Material to process Block Start

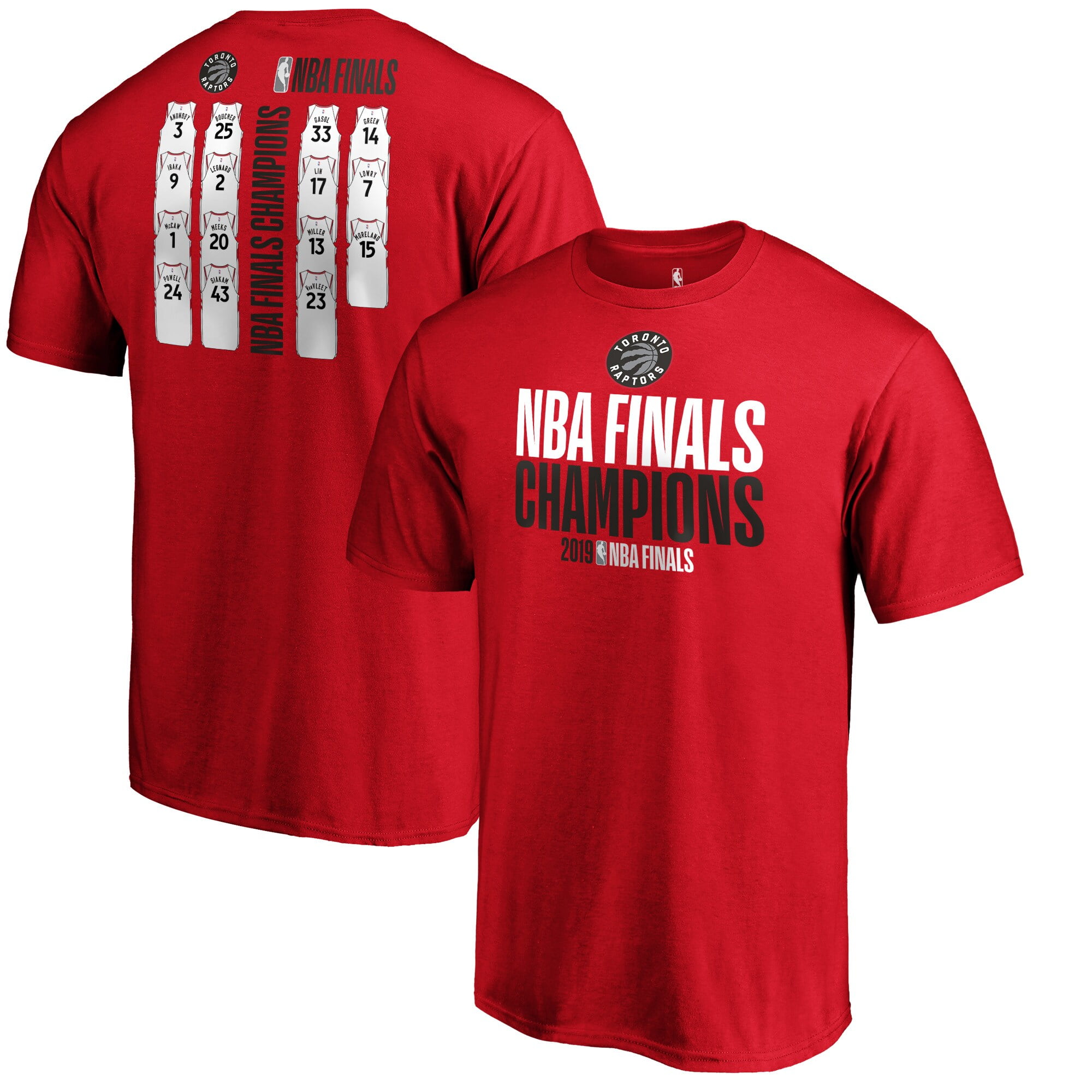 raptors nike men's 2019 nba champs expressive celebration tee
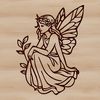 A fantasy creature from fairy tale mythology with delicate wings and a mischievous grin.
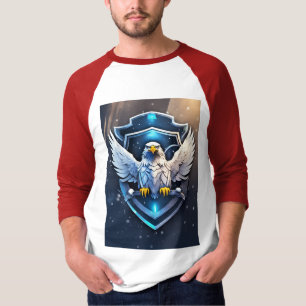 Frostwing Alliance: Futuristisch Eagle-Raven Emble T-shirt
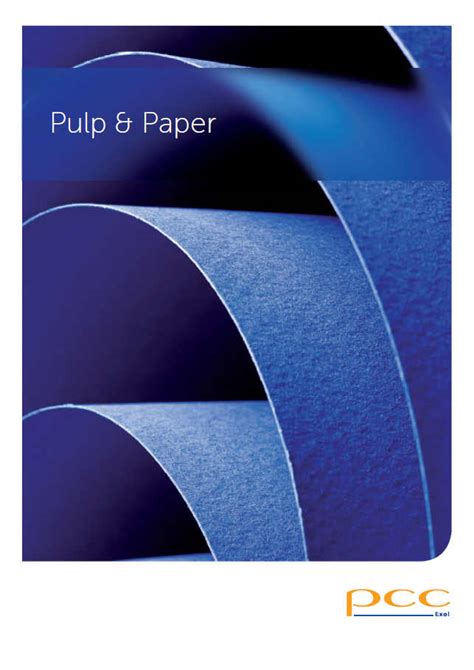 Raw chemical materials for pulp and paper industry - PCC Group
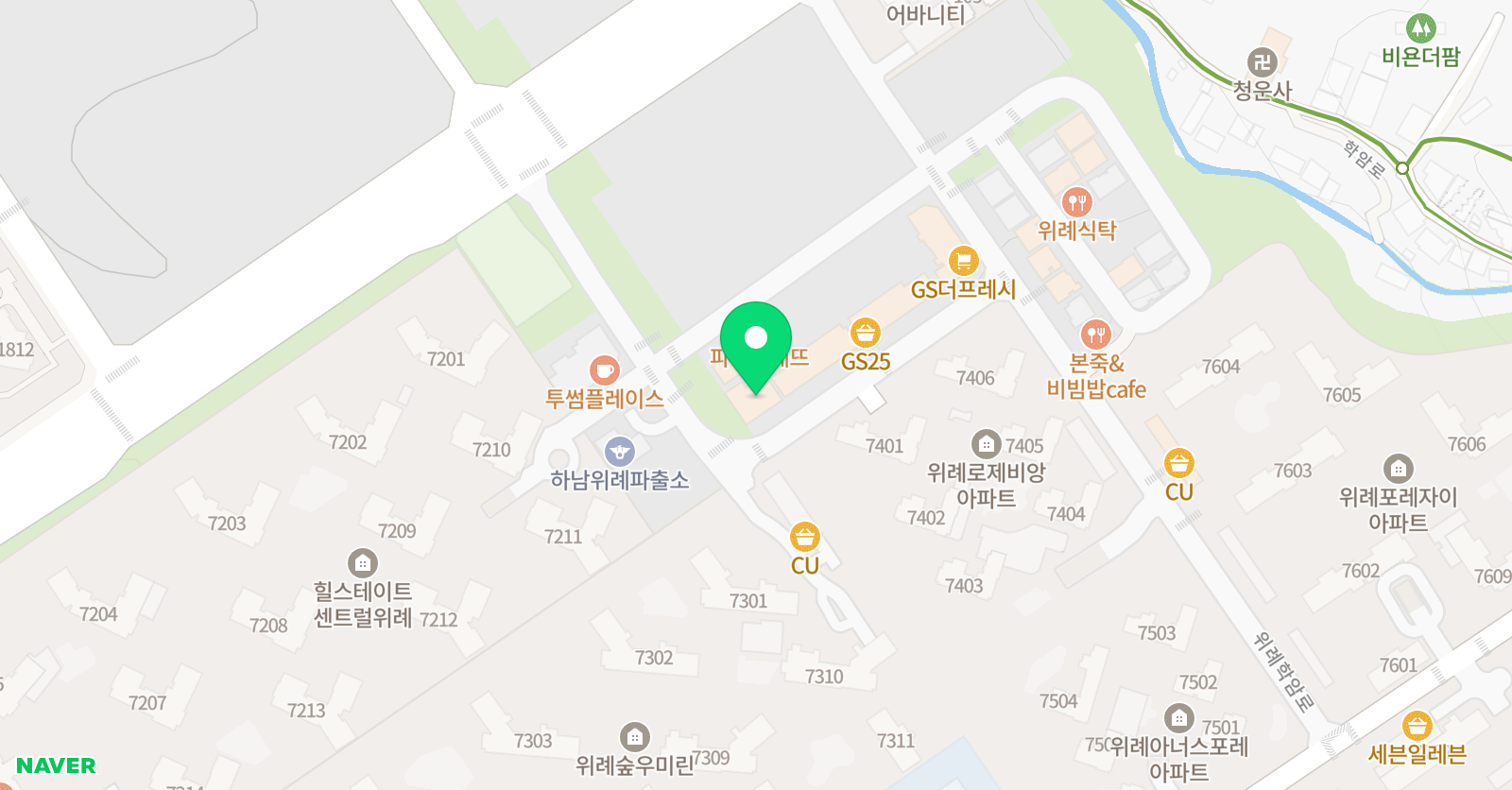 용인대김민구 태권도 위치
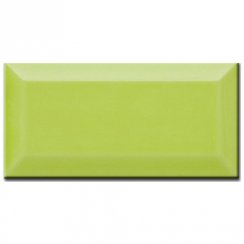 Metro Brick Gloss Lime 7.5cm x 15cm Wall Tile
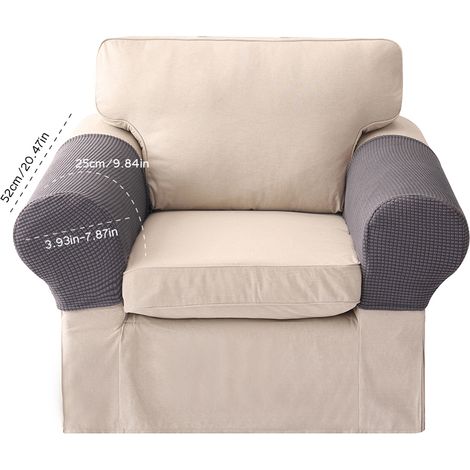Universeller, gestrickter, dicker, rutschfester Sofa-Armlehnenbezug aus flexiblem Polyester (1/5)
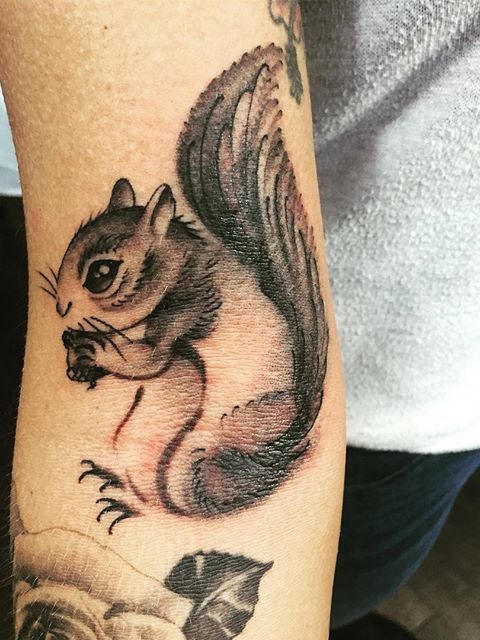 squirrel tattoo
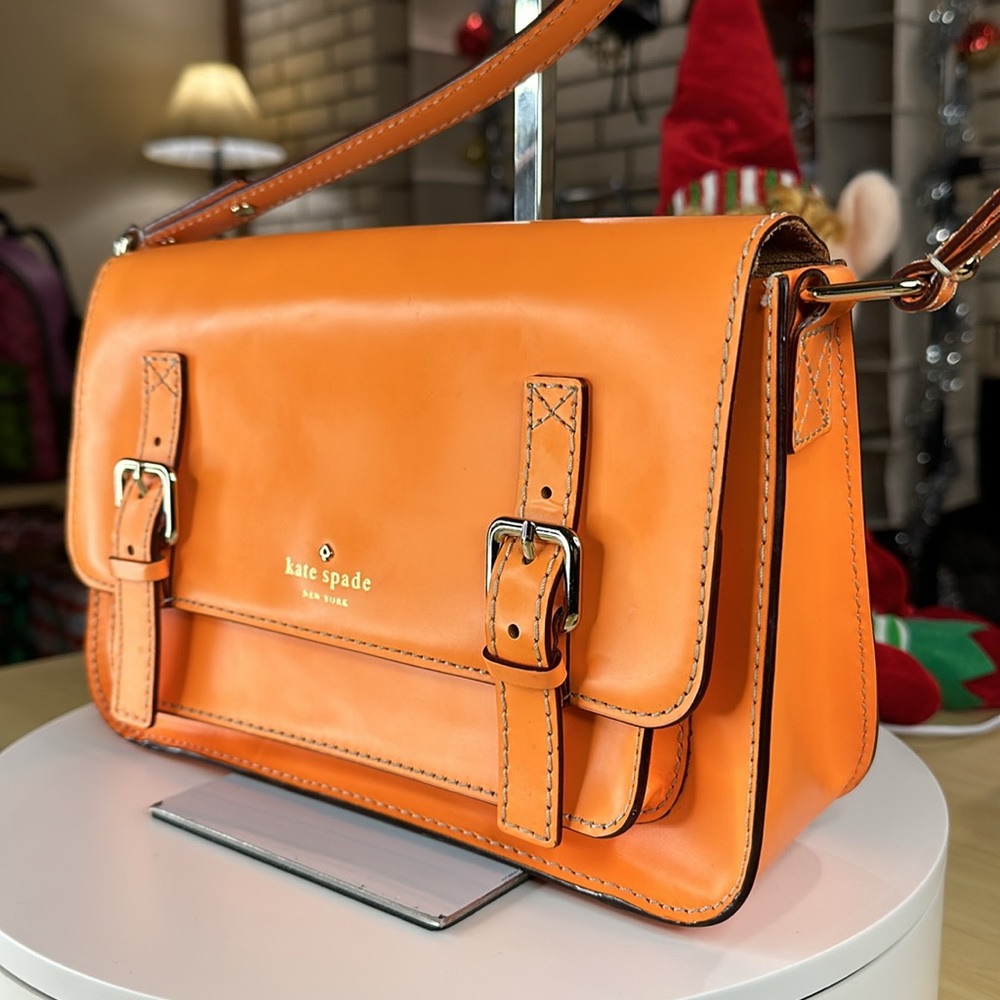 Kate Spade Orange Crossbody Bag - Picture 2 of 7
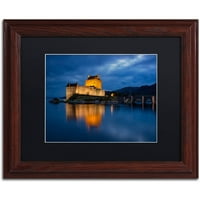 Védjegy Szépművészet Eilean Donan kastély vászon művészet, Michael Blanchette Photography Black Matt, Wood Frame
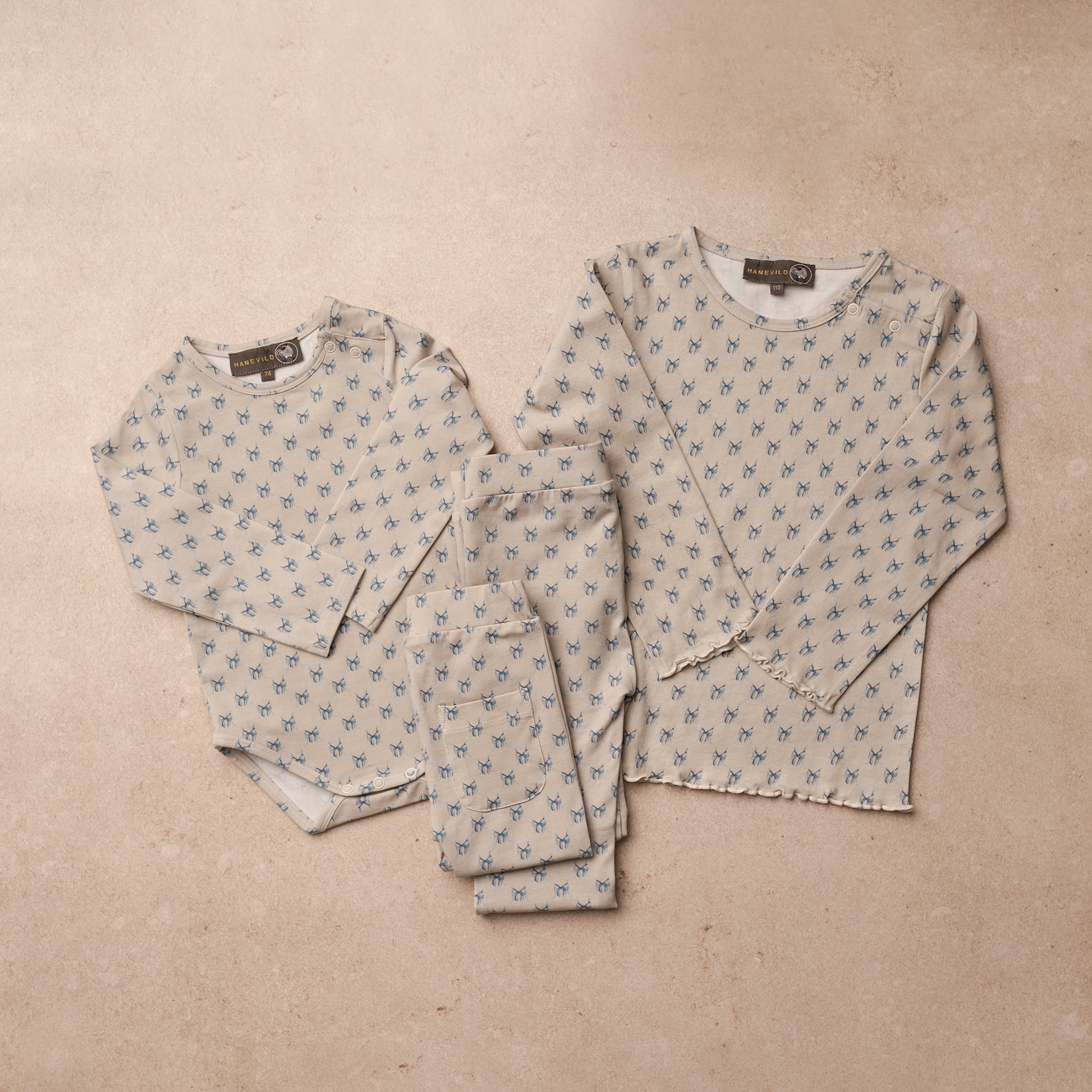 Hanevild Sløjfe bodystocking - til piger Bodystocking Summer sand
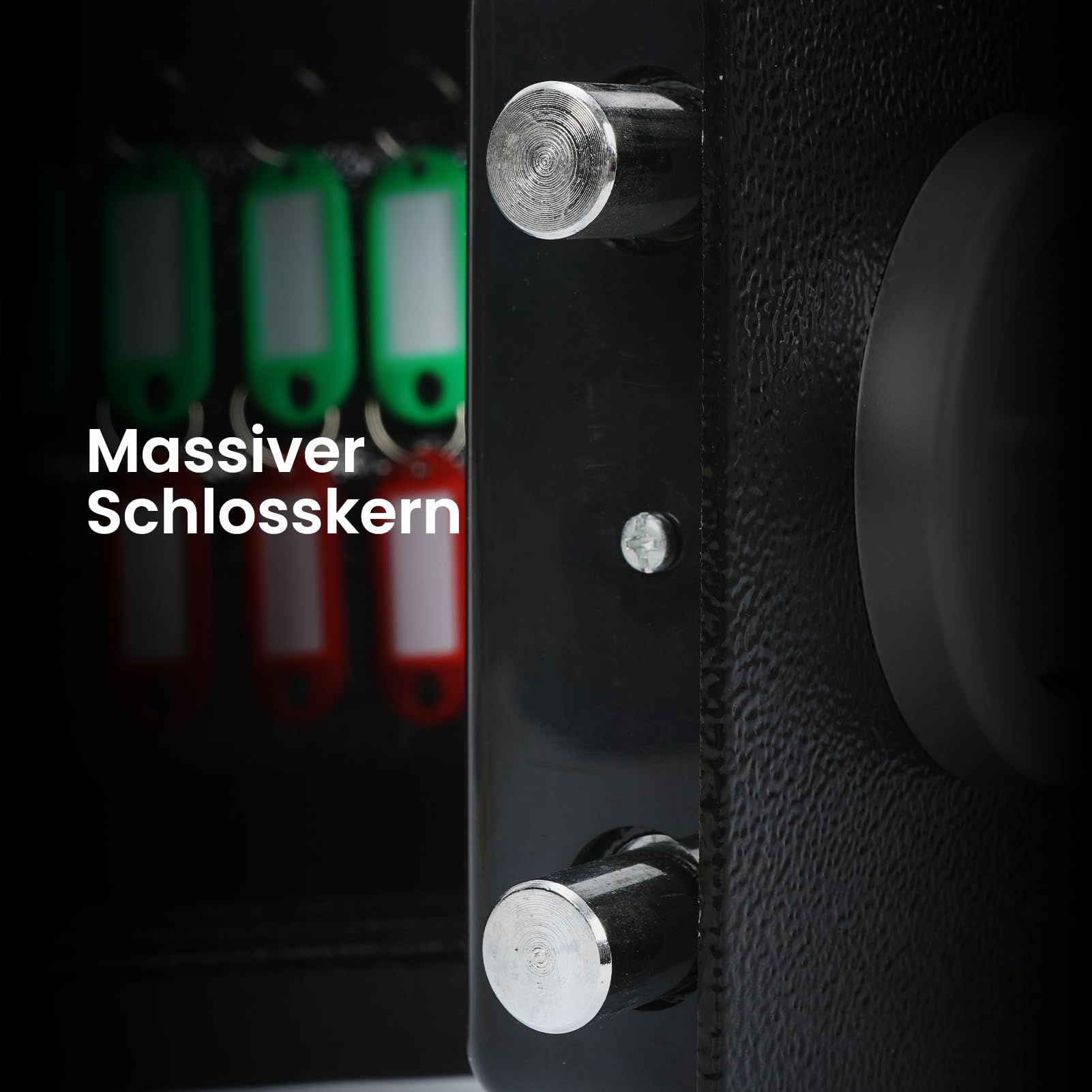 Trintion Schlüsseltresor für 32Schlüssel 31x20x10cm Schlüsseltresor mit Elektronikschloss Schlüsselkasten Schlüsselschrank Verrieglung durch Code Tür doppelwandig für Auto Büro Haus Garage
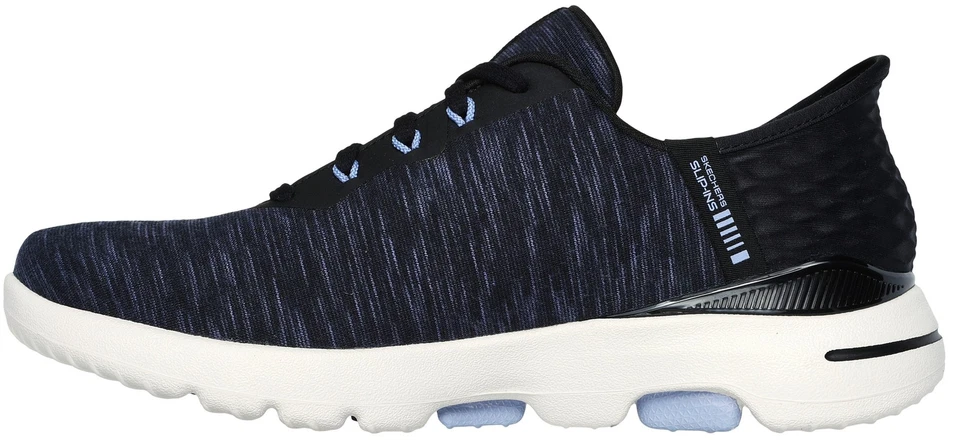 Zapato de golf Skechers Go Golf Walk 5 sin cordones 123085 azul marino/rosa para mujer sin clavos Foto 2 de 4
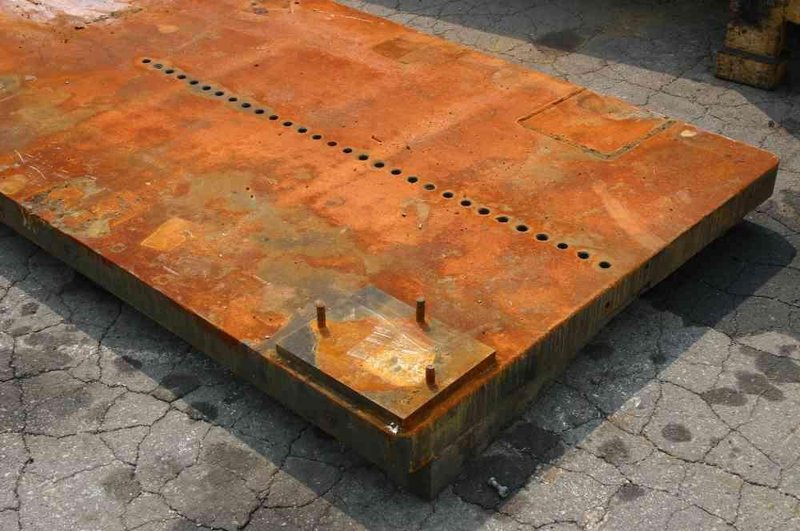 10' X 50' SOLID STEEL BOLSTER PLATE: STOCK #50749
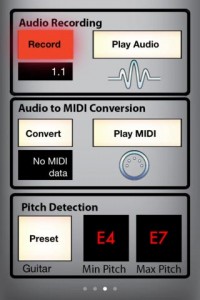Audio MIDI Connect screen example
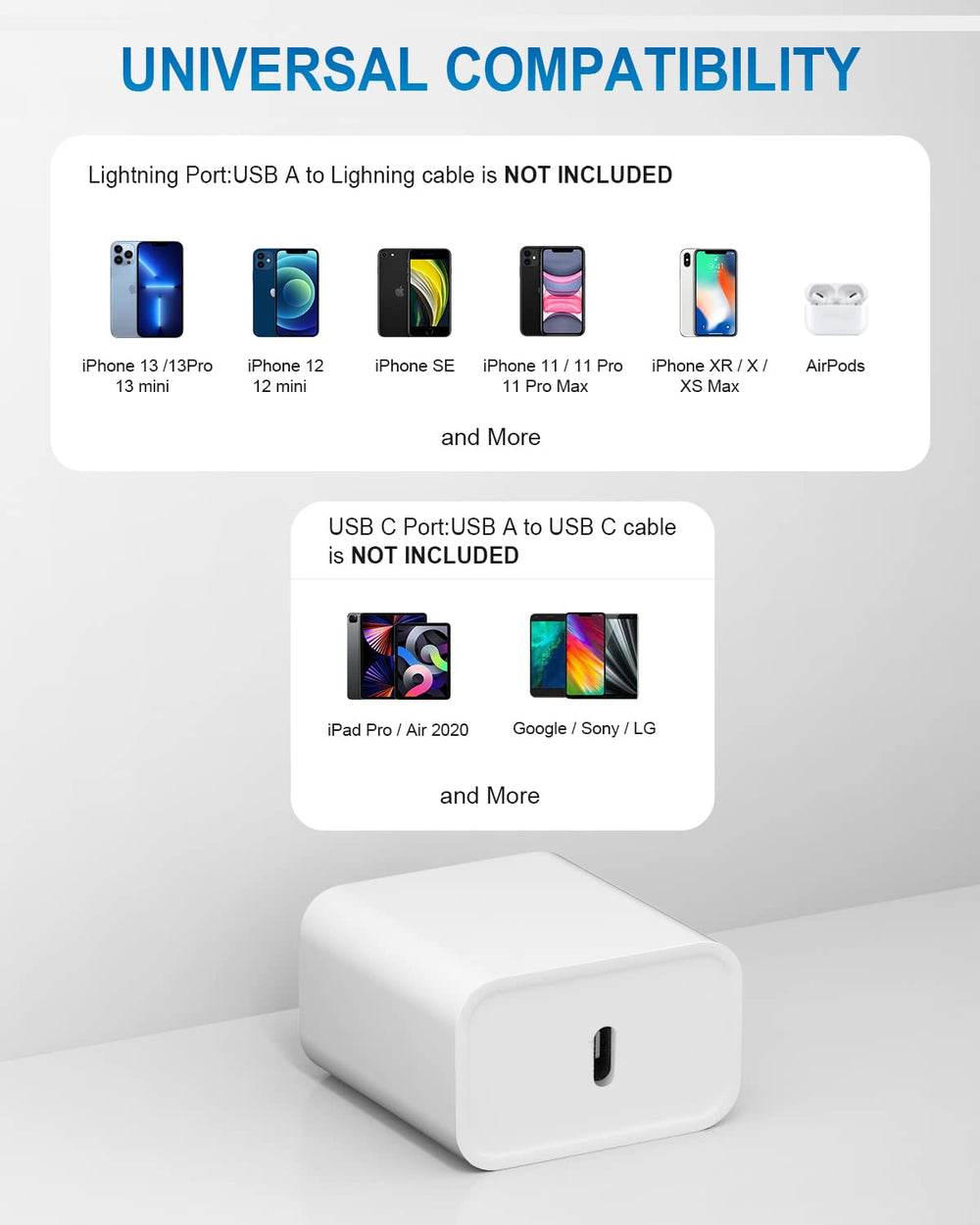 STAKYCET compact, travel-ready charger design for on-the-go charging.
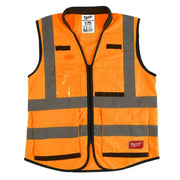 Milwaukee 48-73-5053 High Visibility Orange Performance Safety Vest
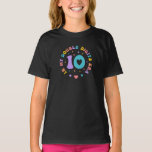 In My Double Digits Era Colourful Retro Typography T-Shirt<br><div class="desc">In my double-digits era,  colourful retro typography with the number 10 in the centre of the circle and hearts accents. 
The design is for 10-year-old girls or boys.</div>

Material to process Block End

Problem statement: Verbatim copy, images excluded: transcribe all the entries above.

Task result:
 raptors nike men's 2019 nba champs expressive celebration tee
 A fantasy creature from fairy tale mythology with delicate wings and a mischievous grin.
 Frostwing Alliance: Futuristisch Eagle-Raven Emble T-shirt
 Raw chemical materials for pulp and paper industry - PCC Group
 용인대김민구 태권도 위치
 Metro Brick Gloss Lime 7.5cm x 15cm Wall Tile
Universeller, gestrickter, dicker, rutschfester Sofa-Armlehnenbezug aus flexiblem Polyester (1/5)
 squirrel tattoo
 Kate Spade Orange Crossbody Bag - Picture 2 of 7
 Védjegy Szépművészet Eilean Donan kastély vászon művészet, Michael Blanchette Photography Black Matt, Wood Frame
 Hanevild Sløjfe bodystocking - til piger Bodystocking Summer sand
 Trintion Schlüsseltresor für 32Schlüssel 31x20x10cm Schlüsseltresor mit Elektronikschloss Schlüsselkasten Schlüsselschrank Verrieglung durch Code Tür doppelwandig für Auto Büro Haus Garage
 Zapato de golf Skechers Go Golf Walk 5 sin cordones 123085 azul marino/rosa para mujer sin clavos Foto 2 de 4
 10' X 50' SOLID STEEL BOLSTER PLATE: STOCK #50749
Audio MIDI Connect screen example
 STAKYCET compact, travel-ready charger design for on-the-go charging.
 Milwaukee 48-73-5053 High Visibility Orange Performance Safety Vest
 In My Double Digits Era Colourful Retro Typography T-Shirt<br><div class="desc">In my double-digits era,  colourful retro typography with the number 10 in the centre of the circle and hearts accents. 
The design is for 10-year-old girls or boys.</div>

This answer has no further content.